### Dataset excerpt
++++++++
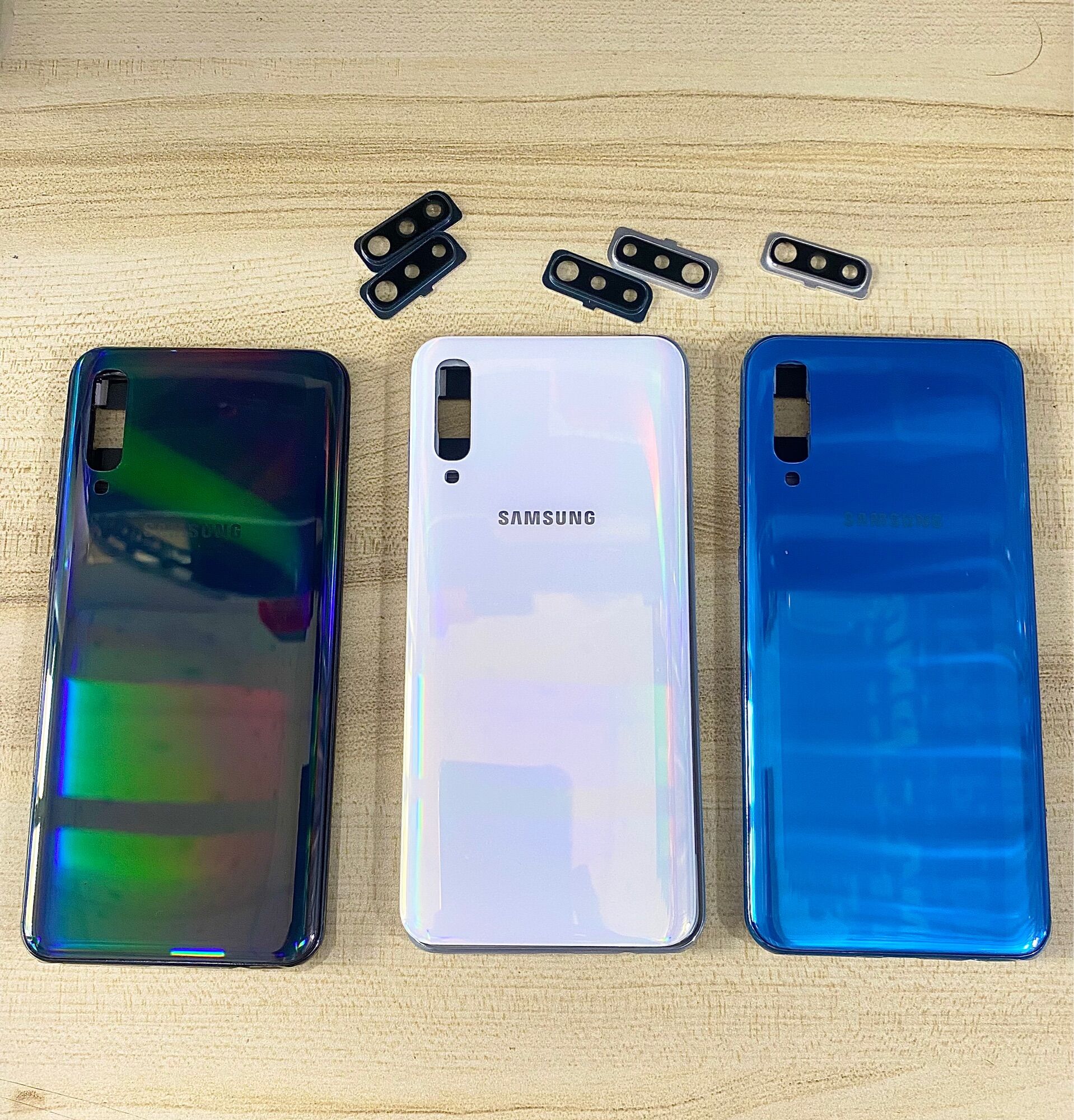 Bộ vỏ + sườn samsung a50 zin hàng cao cấp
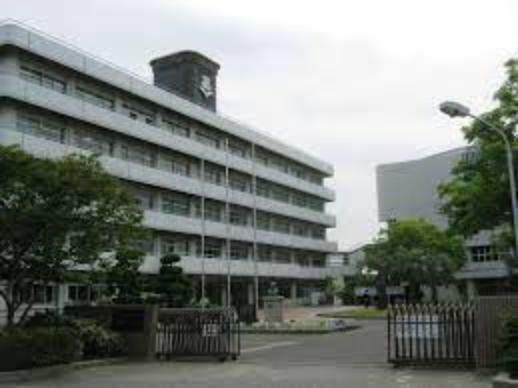 高校・高専 【高校】私立東海大学付属大阪仰星高校まで708m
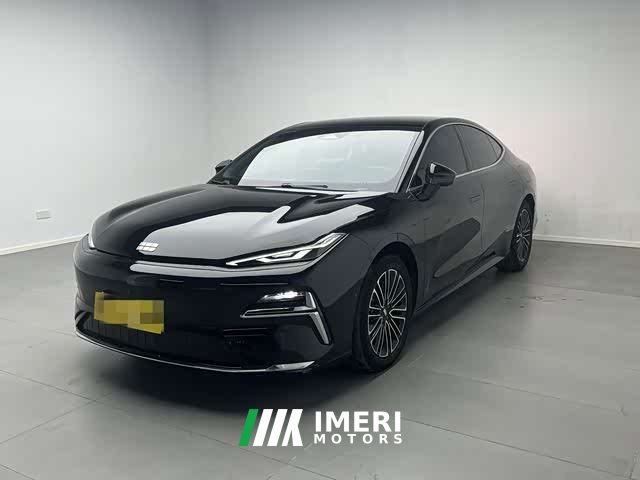 Geely Galaxy Xingyao 8 130km EM-i Premium Edition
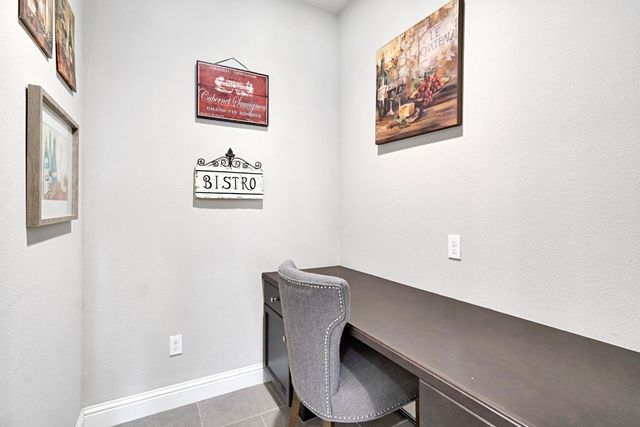 3992 Flint Avenue, Clovis, CA 93619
++++++++
### What is expected
Restate each line of the material word for word, skipping any picture.

### Answer for the task
 Bộ vỏ + sườn samsung a50 zin hàng cao cấp
 高校・高専 【高校】私立東海大学付属大阪仰星高校まで708m
 Geely Galaxy Xingyao 8 130km EM-i Premium Edition
 3992 Flint Avenue, Clovis, CA 93619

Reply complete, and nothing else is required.